Tue, 07 Mar 2000

Putin on course for election win

By Brian Killen

MOSCOW (Reuters): Three weeks before Russia's presidential election, Vladimir Putin is so far ahead of the pack that the only questions are over his winning margin and how he will rule the world's biggest country.

If pollsters are to be believed, Putin is on track to win outright in the March 26 first round vote and take Boris Yeltsin's place in the Kremlin for at least the next four years.

The polls give Putin, acting president since Yeltsin's shock New Year's Eve resignation, up to 60 percent support, almost three times more than his nearest rival and enough to clear the 50 percent barrier needed to avoid a run-off.

But a lackluster election campaign and a total lack of suspense over the outcome could lead to widespread voter apathy. If turnout is below 50 percent, a new vote would have to be held within three months, but analysts say this is unlikely.

Gennady Seleznyov, Communist speaker of the State Duma lower house of parliament, described the election campaign as "listless" and predicted a run-off vote between Putin and his main challenger, Communist Party leader Gennady Zyuganov.

He told a news conference in St Petersburg that Putin had the advantage of being in power but that Zyuganov was cranking up his campaign. "It is unlikely that anyone will manage to win outright in the first round," he said.

As in December's parliamentary election, issues are hardly being discussed at all. Putin has made only extremely vague proposals for reviving the economy and rival candidates are struggling to find policies to criticize.

Few candidates in the field of 11 have dared speak out against the five-month war in Chechnya -- the main source of Putin's popularity as he taps widespread longing for a strong hand, discipline and order after a decade of turmoil.
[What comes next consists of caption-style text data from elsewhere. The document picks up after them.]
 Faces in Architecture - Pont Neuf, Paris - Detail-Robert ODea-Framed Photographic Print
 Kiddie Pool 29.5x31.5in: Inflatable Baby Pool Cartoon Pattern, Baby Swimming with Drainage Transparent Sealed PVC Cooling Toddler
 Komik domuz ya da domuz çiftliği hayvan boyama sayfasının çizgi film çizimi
Putin, 47, is riding a wave of nationalism with his promises to make Russia a great, prosperous and respected power again.

Most Russians are fed up with lawlessness and Putin's tough- guy approach has struck a chord in a nation whose self-esteem has been battered by years of political and economic chaos, not to mention humiliation in the previous Chechnya war.
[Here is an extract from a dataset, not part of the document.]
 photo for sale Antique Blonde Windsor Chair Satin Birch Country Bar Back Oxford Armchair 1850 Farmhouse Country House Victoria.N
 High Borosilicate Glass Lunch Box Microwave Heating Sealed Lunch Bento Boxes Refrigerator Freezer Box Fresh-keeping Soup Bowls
However, some media commentators have voiced misgivings about his calls for more order, sensing a threat to democracy.

Leonid Radzikhovsky wrote recently in the newspaper Sevodnya about questions hanging over Putin. "We do not know how he will rule. But this is impossible to know -- it can only be seen. And he will soon show us...which is what many people fear," he said.

Putin, Yeltsin's hand-picked successor, has dismissed such fears, pledging to uphold democracy and promote a market economy in which fair competition will be the order of the day.
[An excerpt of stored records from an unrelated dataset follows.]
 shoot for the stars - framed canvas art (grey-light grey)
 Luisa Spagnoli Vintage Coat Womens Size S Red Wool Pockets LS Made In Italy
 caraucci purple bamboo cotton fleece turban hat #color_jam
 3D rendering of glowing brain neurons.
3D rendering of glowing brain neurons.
"The stronger the state, the freer the individual," the ex-KGB spy said in an open letter to voters last month.

Eric Kraus, chief strategist at NIKoil Capital Markets, doubted fundamental freedoms were threatened, though he said Russia's "uncritically liberal and pro-Western phase" was over.

"The man in the street once again sees the West as hostile and hypocritical, determined to keep Russia in her new-found third world position," Kraus said in a research note.

"The widespread criticism of Russia during the Chechnya war has merely served to confirm this feeling," he added, referring to Western concern over alleged human rights abuses.

At the moment, everything appears to be working in Putin's favor, even the economy, lending credibility to his promises of "a decent life".

High world energy and metal market prices have given Russia a windfall worth billions of dollars, allowing the government to boost tax revenues, repay foreign debt and finance the military campaign in Chechnya.

Pyotr Aven, president of Alfa Bank and a former foreign trade minister, wrote in the leading business daily Kommersant last week that Russia was entering a new era of hope, but he warned that it could still go wrong for Putin.

"The more popular is the leader promising wonders, the more he will be hated when the miracle does not happen," he said, adding that this happened with Yeltsin and with Soviet leader Mikhail Gorbachev.

"Alas, this will probably happen with Putin."